[pypy-dev] Objects and types in the stdobjspace

Mon Jun 9 13:09:58 CEST 2003

Hello Rocco,

On Sun, Jun 08, 2003 at 11:10:52PM -0400, Rocco Moretti wrote:
> But I'm still a little hazy. Could you walk us through how this scheme 
> would work with multiple implementations of the same type and specifics as 
> to how this would be different from the (CPython) current implementation 
> of types being the same as the implementation?

Ok. In CPython the type completely defines the implementation, via the
PyTypeObject structure (tp_size and all the function pointers). All objects
have a type pointer (ob_type), which it a very fast way to retrieve both the
type of the object and its implementation (as it is the same thing).

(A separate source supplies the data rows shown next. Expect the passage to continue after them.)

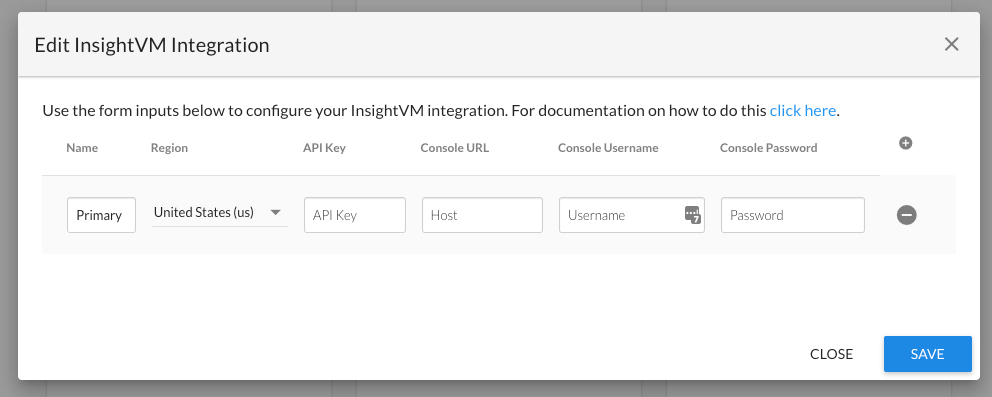 InsightVM Integration Settings
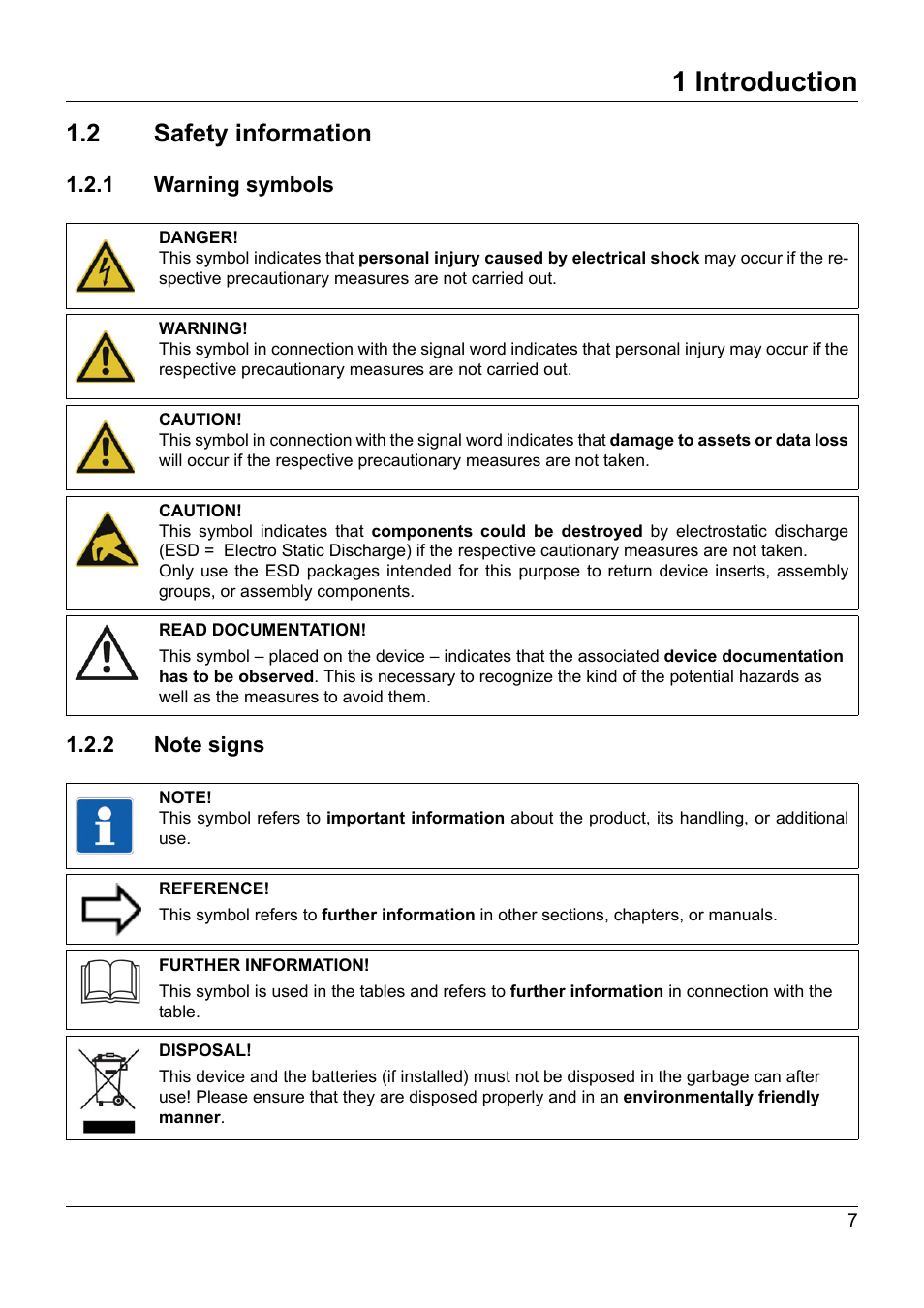 2 safety information, 1 warning symbols, 2 note signs | Safety information, 1 warning symbols 1.2.2 note signs, 1 introduction | JUMO 705030 mTRON T - Digital Input/Output Module Operating Manual User Manual | Page 7 / 50
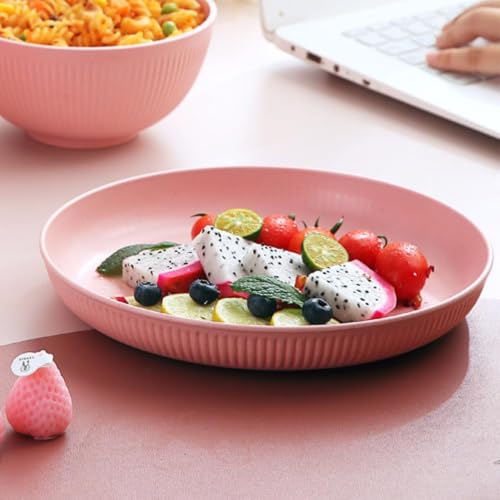 Image of Wheat Straw & Bamboo Fiber Plates Set, Lightweight Unbreakable Dinner Plates, Microwave and Dishwasher Safe, Plates Easy to Clean & Reusable (9 Inches, Pink, Set of 6)
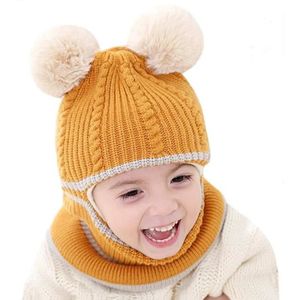 couleur Jaune 1-5 ans Cagoule en tricot à motif écouteurs pour bébé et  enfant, fille ou garçon,adorable couvre-chef chaud à doublure en velours,  idéal
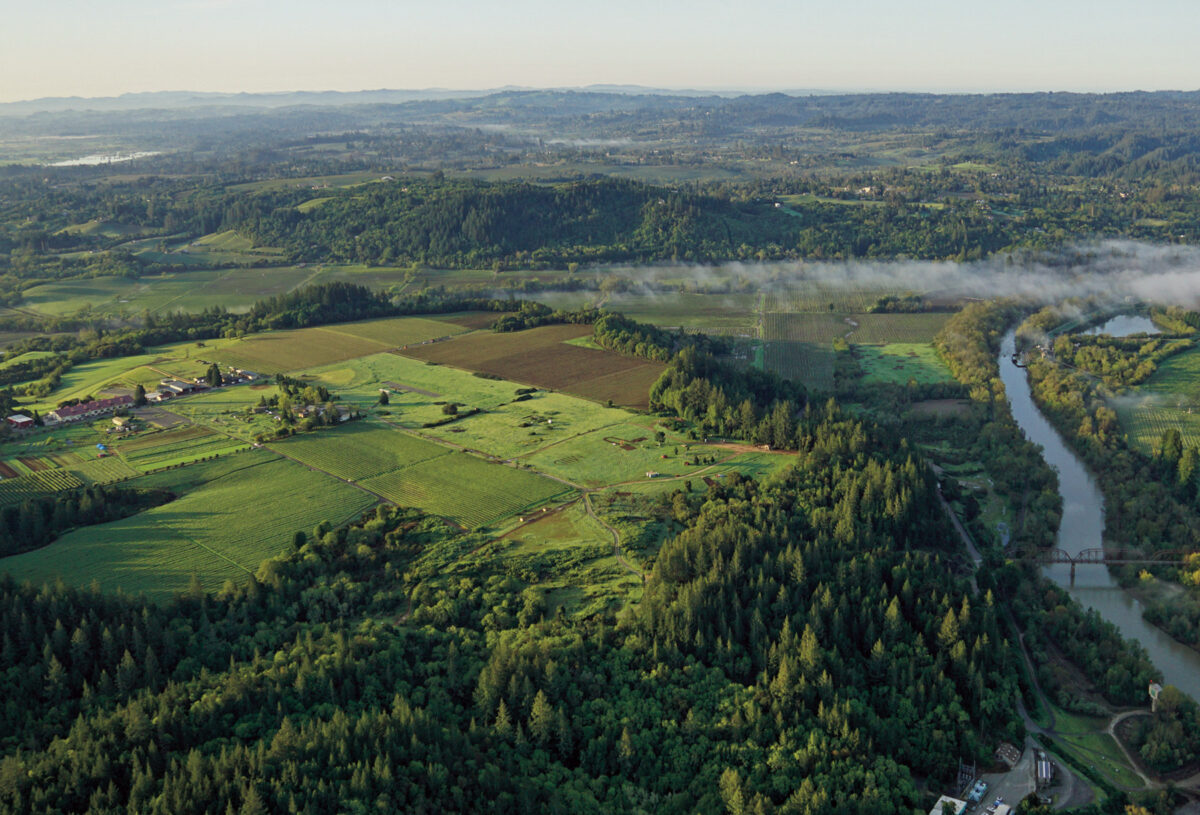 high arial view of sonoma county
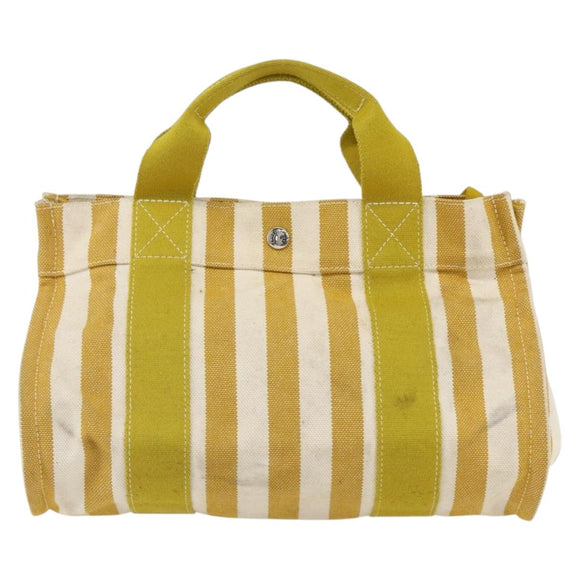 HERMES Cannes PM Hand Bag Canvas Yellow Silver Auth 169571
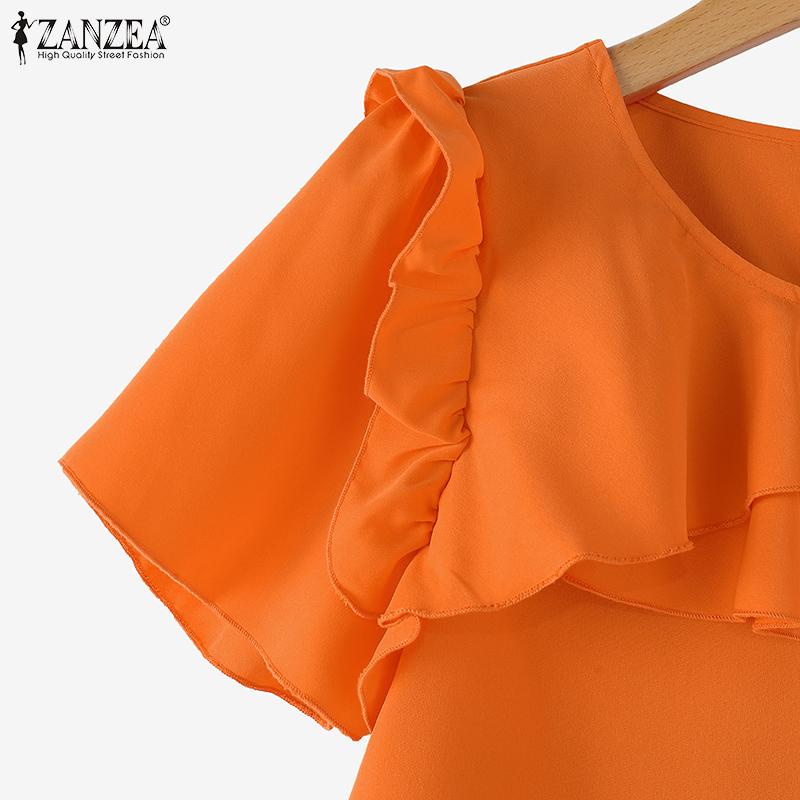 ZANZEA Women Summer Ruffled Layered Round Neck Short Sleeve Blouses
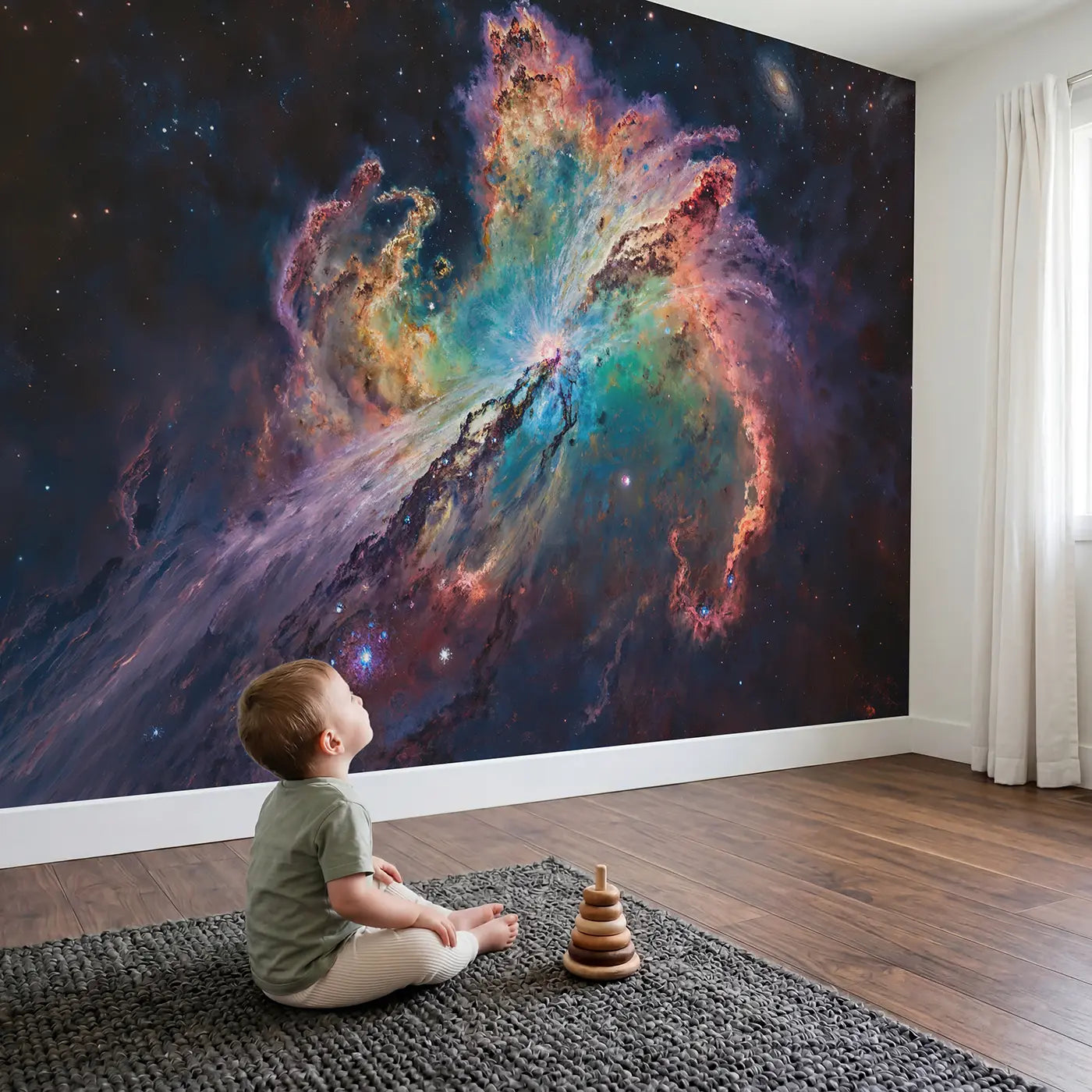 Child in nursery with Supernova Remnant Cosmic Glow Wallpaper Mural by Whimsy Tots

Ultimately this PyObject structure is something that we will want to have in
*some* versions of PyPy, so that we can be compatible with CPython's extension
modules, at least. I'm confident that we'll be able to do that automatically
based on the current (different) way the stdobjspace works. This is what we
did with multimethods: during the latest sprint we could tie them back to
Python's __add__&co methods, but internally we use multimethods all the way
simply because they are more natural in our context.

The "natural" way to look at the object implementation of the stdobjspace is
that there is only a finite and reasonably small number of different
implementations defined (unlike types, of which the user can create as many as
he wishes). The translator-to-C program can thus implement a wrapped object
with a struct that has some (arbitrary) tag to distinguish between
implementations. In CPython, the tag is the ob_type field. In our case we are
free to choose whatever we want. For example it could be a small integer:  
0=W_IntObject, 1=W_ListObject, 2=W_TupleObject, and so on. It can be
completely arbitrary. It could also be a pointer to some data describing the
implementation. But using a small integer makes multimethod dispatch extremely
fast : to dispatch on objects 'a' and 'b', read 'a->tag' and 'b->tag' and use
them as indices in a (N by N) table of function pointers. It is quite simpler
and faster than CPython's way of playing around with each object's type's
tp_number->nb_add.

That's for the motivation. Now several implementations for the same type can
coexist, provided we give some heuristics to select between them. For example,
suppose we have two string implementations, a W_StringObject and a
W_ConcatenatedStringObject. Then the concatenation of two W_StringObject
should check if the resulting string would grow larger than some threshold; if
so, instead of building and returning a W_StringObject it builds and returns a
W_ConcatenatedStringObject, enabling whose new algorithms to carry on with the
manipulation of what the user still sees as a plain string.

Choice of implementation can also be done when the object is initially built.  
For example, imagine we had a W_SmallIntObject implementation that can store
an integer of up to 30 bits by abusing a pointer field (e.g. by setting the
last two bits to an odd value, and assuming real pointers are never odd).
There should be (there isn't yet) an implementation of inttype_new() in
inttype.py (for calls to 'int(obj)'). This one should examine the numeric
value it should build and depending on whether it is small enough to fit 30
bits or not, it can build a W_SmallIntObject or a W_IntObject. Actually,
'space.wrap(someinteger)' could also invoke this mechanism.

A bientôt,

Armin.